Downstream Hazards
Any published author will tell you that the work you put into writing a book doesn’t stop with the final edit. It also doesn’t stop with social posts, touring, or podcasts. In fact, publishing can contain downstream hazards.
Before I released my memoir, Last Nerve, the publisher advised me to ask people to buy the book on the release day. Apparently, it’s important to get those Amazon purchases on pub day because, if all goes right, you can gain a “Best Seller” accolade from the shopping website.
Done and done. I created a newsletter, sent it out to 500 people, and asked folks to buy on pub day. They did, and my book became an Amazon best-seller overnight! Great, right? Wrong. Within a week of my release date, I typed my name into the Amazon search bar to check my reviews. Last Nerve was shining its bright red cover on the site, but so was another book: The Biography of Mindy Uhrlaub. On the cover was a back-and-white picture of someone that looked a little like my offspring if I had a baby with a young Janis Joplin. She wore a tailored black business suit – something I’ve never owned. She had a self-satisfied smile on her face, and she looked a little bitchy.
What the fuck?
I called my publisher, who consulted with her legal team. In the meantime, I investigated the Amazon site and realized that the entity that “wrote” the so-called biography shared the first two pages. I clicked on the sample to learn that I was born in Northern California. In a library, surrounded by books. Apparently, I’m also dying of ALS.
“What other lies are in here?” I thought.
With some additional clicking, I noted that the entity had “written” three other counterfeit books about new authors. Stunned, I Googled the so-called "creator” of my bogus biography. It wasn’t a person. It wasn’t even a company. This was an AI that someone created to scrape information from Amazon and profit from a fake book.
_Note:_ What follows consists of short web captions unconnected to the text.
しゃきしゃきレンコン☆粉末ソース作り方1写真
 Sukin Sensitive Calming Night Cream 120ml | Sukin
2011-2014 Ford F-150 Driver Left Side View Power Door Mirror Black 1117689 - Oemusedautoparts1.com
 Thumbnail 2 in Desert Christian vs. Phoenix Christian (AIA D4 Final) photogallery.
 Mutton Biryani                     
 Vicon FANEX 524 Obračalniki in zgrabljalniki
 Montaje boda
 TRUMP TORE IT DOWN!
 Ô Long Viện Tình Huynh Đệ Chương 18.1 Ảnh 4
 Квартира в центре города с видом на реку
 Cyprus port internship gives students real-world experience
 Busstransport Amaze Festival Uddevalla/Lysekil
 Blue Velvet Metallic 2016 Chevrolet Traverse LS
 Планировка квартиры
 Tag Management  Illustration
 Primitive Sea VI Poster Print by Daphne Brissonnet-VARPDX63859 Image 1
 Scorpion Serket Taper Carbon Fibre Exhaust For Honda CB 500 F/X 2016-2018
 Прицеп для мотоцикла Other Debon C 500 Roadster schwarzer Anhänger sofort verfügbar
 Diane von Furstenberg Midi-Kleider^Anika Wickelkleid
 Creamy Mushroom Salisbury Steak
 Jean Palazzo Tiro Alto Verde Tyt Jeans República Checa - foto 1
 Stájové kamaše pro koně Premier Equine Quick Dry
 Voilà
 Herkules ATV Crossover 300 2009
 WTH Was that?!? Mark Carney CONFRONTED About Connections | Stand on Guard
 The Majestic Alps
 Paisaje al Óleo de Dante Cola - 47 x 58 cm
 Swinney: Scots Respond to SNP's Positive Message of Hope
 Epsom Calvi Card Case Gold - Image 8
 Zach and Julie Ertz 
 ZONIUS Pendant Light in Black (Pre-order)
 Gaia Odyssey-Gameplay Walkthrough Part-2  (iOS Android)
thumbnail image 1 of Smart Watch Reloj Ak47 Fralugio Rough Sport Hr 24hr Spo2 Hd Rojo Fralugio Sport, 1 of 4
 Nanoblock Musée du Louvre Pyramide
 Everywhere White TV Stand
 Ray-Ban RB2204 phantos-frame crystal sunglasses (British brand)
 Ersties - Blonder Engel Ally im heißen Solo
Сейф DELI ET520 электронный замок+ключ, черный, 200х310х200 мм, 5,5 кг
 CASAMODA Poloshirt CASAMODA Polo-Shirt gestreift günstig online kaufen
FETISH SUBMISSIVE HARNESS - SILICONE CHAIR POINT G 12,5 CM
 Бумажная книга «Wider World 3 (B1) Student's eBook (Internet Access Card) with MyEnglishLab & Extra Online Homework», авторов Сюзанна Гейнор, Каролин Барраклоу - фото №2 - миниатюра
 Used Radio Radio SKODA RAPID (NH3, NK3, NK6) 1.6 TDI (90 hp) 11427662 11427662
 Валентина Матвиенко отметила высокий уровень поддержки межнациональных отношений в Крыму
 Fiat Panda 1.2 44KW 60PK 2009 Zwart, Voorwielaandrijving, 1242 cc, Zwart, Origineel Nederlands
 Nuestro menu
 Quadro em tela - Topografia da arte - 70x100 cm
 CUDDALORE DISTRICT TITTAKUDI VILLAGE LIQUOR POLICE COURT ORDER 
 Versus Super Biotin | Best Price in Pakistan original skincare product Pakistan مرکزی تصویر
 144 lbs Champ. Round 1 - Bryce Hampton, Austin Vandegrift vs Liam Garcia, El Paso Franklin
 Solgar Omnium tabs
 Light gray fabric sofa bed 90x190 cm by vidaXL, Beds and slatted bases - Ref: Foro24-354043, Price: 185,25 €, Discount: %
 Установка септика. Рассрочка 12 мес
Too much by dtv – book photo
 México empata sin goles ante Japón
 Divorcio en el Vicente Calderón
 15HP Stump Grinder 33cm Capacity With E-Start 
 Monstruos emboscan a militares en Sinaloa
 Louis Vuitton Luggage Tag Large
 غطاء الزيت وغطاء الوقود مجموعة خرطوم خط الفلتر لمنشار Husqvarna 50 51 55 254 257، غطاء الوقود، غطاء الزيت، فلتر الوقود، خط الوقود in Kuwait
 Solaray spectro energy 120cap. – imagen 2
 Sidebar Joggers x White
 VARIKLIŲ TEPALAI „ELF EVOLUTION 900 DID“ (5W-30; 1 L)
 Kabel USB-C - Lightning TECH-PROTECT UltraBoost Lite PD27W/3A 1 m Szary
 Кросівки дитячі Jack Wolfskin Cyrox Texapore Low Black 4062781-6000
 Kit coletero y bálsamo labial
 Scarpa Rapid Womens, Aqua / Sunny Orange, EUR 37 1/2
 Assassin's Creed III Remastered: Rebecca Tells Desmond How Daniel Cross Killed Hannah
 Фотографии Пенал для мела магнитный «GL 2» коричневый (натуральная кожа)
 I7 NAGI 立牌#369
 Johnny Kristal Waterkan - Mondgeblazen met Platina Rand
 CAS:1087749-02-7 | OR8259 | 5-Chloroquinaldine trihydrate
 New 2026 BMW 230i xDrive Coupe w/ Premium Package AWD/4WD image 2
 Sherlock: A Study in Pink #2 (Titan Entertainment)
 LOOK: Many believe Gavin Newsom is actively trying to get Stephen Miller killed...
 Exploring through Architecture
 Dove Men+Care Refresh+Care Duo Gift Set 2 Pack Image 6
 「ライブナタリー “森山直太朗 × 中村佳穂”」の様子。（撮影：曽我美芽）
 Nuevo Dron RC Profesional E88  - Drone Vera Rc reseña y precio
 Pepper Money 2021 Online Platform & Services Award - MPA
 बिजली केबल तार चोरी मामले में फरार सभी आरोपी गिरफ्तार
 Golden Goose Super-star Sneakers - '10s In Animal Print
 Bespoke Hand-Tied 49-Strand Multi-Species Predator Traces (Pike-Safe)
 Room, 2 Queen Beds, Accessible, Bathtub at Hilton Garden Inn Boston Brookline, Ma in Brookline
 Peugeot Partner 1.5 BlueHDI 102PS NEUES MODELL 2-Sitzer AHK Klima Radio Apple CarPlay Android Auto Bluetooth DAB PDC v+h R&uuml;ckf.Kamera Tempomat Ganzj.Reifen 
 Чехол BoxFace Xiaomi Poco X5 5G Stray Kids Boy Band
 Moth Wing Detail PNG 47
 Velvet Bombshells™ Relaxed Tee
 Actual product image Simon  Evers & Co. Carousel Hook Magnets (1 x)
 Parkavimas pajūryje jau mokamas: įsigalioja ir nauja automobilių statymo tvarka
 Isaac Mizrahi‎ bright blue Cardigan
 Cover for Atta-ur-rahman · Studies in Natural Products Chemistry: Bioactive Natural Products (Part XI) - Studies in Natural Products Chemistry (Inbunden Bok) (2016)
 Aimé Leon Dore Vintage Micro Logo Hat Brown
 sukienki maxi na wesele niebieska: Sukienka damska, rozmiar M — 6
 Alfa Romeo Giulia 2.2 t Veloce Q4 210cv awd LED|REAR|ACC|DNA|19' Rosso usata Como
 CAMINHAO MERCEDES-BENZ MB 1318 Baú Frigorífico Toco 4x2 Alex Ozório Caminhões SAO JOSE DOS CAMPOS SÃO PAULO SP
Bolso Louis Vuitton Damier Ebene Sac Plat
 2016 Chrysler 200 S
And they even had the gall to charge three dollars more for their digital sham than I was asking for my paperback!
I emailed Amazon more than a dozen times and begged them to remove the fake listing. And when I called, I was greeted by an AI voice on the phone.
No surprise there.
Then I joined the Authors Guild of America, who seemed familiar with the growing number of cases of fraudulent AI biographies. They assured me that within a month, Amazon would take down the listing.
And it did. Luckily, nobody bought the fake biography, and no one reviewed it either. But I couldn’t help wondering, is it enough to write and promote my book? In the face of an AI future, will my work ever be done? In a world where AI can “write books,” from an Amazon listing, what’s even the point?
If you’re nearing your pub date, congratulations. And beware of Amazon, which can contain downstream hazards.